48. Article 6 guarantees the right of “practical” and “effective” access to the court. In the case of a litigant in person, the question is whether, without the assistance of a lawyer, the litigant will be “able to present her case properly and satisfactorily”: Airey v Ireland (Application no 6289/73) (1979) 2 EHRR 305, para 24. In that particular case, the court held that Ireland was in breach of Mrs Airey’s Article 6 rights because it was not realistic in the court’s opinion to suppose that, in litigation of the type in which she was involved, she could effectively conduct her own case, despite the assistance which the judge would afford to parties acting in person.

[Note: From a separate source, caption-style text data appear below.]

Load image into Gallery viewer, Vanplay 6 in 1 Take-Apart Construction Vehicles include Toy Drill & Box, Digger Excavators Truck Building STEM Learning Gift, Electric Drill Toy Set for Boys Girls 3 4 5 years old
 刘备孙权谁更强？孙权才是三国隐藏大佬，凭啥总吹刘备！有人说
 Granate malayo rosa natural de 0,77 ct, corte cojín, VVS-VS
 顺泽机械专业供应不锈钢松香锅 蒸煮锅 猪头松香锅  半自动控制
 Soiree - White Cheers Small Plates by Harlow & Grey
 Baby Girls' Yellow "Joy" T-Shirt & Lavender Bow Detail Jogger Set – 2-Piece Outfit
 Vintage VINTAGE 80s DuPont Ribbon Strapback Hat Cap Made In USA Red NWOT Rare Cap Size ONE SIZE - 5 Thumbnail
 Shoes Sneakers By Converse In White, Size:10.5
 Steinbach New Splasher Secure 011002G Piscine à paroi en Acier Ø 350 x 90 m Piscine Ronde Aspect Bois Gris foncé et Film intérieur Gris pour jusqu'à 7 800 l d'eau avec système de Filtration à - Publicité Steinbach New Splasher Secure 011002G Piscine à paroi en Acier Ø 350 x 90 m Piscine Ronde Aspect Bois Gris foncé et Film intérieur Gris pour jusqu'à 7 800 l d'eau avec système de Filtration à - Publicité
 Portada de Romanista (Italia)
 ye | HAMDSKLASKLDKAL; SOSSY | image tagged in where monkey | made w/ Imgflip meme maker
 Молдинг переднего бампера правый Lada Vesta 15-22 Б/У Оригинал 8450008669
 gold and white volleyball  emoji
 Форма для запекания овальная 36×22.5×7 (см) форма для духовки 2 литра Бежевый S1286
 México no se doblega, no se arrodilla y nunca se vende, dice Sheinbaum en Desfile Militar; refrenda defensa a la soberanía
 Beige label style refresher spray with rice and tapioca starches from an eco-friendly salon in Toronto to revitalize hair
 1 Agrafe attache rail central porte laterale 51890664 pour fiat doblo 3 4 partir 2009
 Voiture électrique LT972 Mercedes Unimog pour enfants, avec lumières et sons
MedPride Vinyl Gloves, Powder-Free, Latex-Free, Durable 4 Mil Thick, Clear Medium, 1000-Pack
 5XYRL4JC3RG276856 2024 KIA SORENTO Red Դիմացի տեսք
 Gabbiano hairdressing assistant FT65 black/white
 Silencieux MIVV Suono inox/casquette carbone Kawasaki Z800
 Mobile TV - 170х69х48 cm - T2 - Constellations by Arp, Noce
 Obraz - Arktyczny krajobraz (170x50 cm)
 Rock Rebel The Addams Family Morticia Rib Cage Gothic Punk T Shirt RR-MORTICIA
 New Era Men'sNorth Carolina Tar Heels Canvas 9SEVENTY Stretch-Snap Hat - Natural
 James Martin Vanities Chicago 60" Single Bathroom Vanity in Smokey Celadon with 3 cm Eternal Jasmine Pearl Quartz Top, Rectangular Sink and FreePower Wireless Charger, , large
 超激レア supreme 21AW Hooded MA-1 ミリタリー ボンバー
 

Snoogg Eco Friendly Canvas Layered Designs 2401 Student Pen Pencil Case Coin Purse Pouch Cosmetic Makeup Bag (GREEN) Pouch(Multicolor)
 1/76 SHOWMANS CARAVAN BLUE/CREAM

In DEB v Germany [2011] 2 CMLR 529, para 46, the CJEU summarised the Strasbourg jurisprudence in this way:
 

“Ruling on legal aid in the form of assistance by a lawyer, the ECtHR has held that the question whether the provision of legal aid is necessary for a fair hearing must be determined on the basis of the particular facts and circumstances of each case and will depend, inter alia, upon the importance of what is at stake for the applicant in the proceedings, the complexity of the relevant law and procedure and the applicant’s capacity to represent himself effectively.”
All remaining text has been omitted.